I'm using a Portenta H7 from Arduino. It hosts the STM32H747 microprocessor. I was wondering if it is safe to use +5 volts for I2C even though the MPU runs at +3.3 volts?

To clarify, on how the Portenta H7 is wired up, I'm using the pins associated with I2C3 on the STM32H747. Now, according to the datasheet, the pin structure for the pins are labeled as FT, which should mean that they are +5 volt tolerant according to the datasheet (Table 6). You can see how I'm laying it out below in my schematic, but I wanted to ask if this was safe or not? The Portenta's QWIIC connector uses 5 volts instead of 3.3 volts, so it seemed strange given that the STM32 operates at 3.3 volts.

0693W00000FC7VUQA1.png

1 ACCEPTED SOLUTION

Accepted Solutions
KnarfB
Principal III

Should be safe, see application note AN4899, 5.2.2 Five-volt tolerant GPIO (FT) and 5.3.3 I2C application.

The only catch is that +5V must not be applied while VDD is too low (e.g.
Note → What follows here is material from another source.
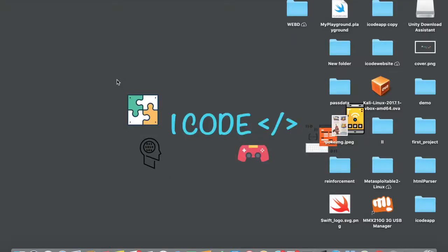Hey guys, welcome to the first episode of this Unity C# series. In this video, we're going to see how to install Unity 3D into our operating system and also we're going to be running our first C# script. So let's get started.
STM powered off), but I bet the module desginers knew that and considered it in the schematics.

hth

KnarfB

View solution in original post

4 REPLIES 4

Not sure of Arduino/SparkFun goals.

A lot of I2C is to 5V based systems, including a lot of Arduino stuff.

Could use it as 5V supply to regulate down to voltage used by slave/sensor boards.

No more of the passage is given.